▸ Data excerpt
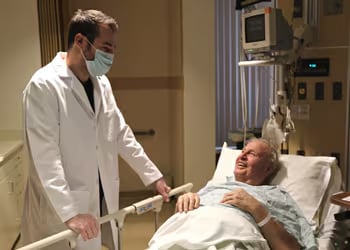 Dr. Aaron Braun, an interventional radiologist, speaking to a patient.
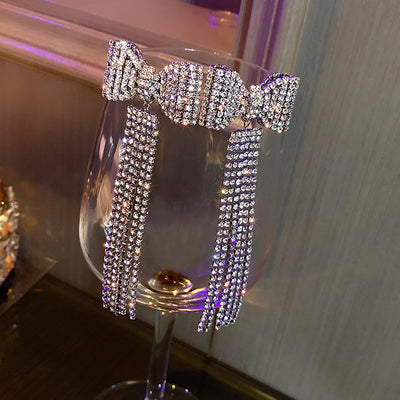 Selena - glamourøse krystal sløjfeøreringe med kvastdesign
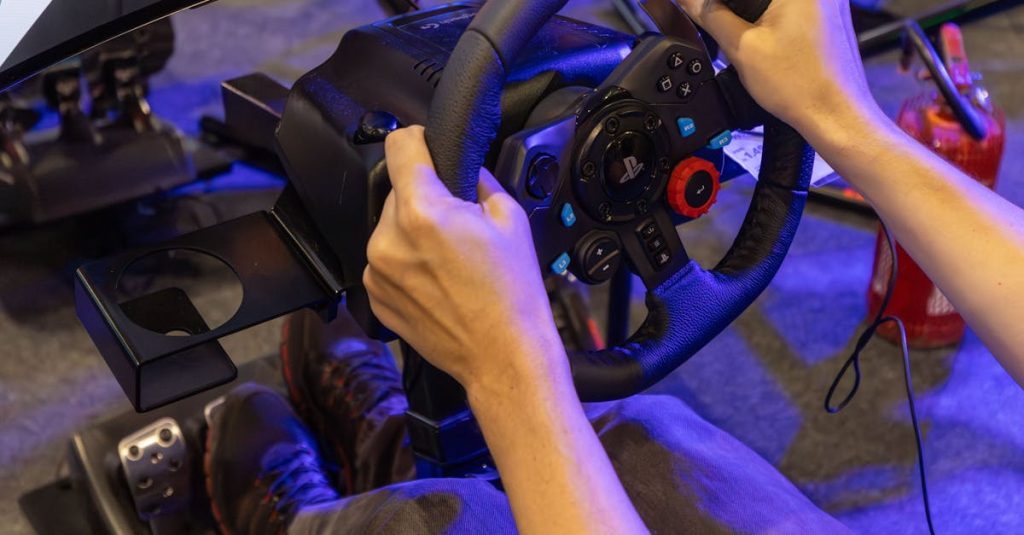 Man immersed in virtual racing game using realistic simulator setup with steering wheel and pedals.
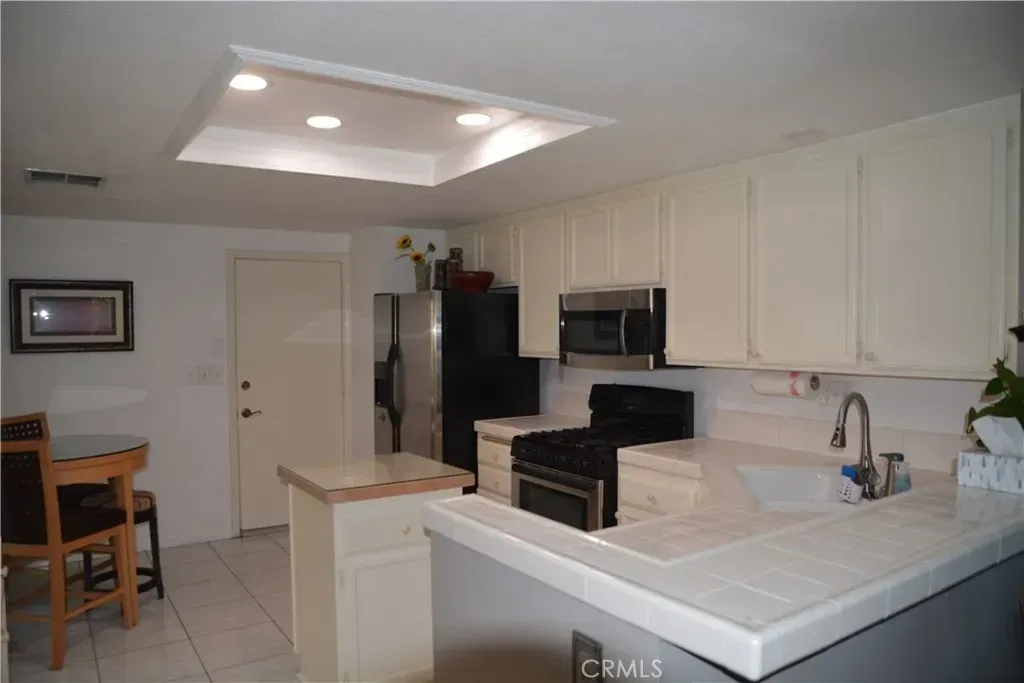 Another kitchen—light cream cabinets, white tile backsplash. Safe choice, or just a bit bland?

▸ Prompt
Copy exactly the lines that run from the line containing "Man immersed in" to the end of the data above, keeping both end lines and leaving out all pictures.

▸ Written solution
 Man immersed in virtual racing game using realistic simulator setup with steering wheel and pedals.
 Another kitchen—light cream cabinets, white tile backsplash. Safe choice, or just a bit bland?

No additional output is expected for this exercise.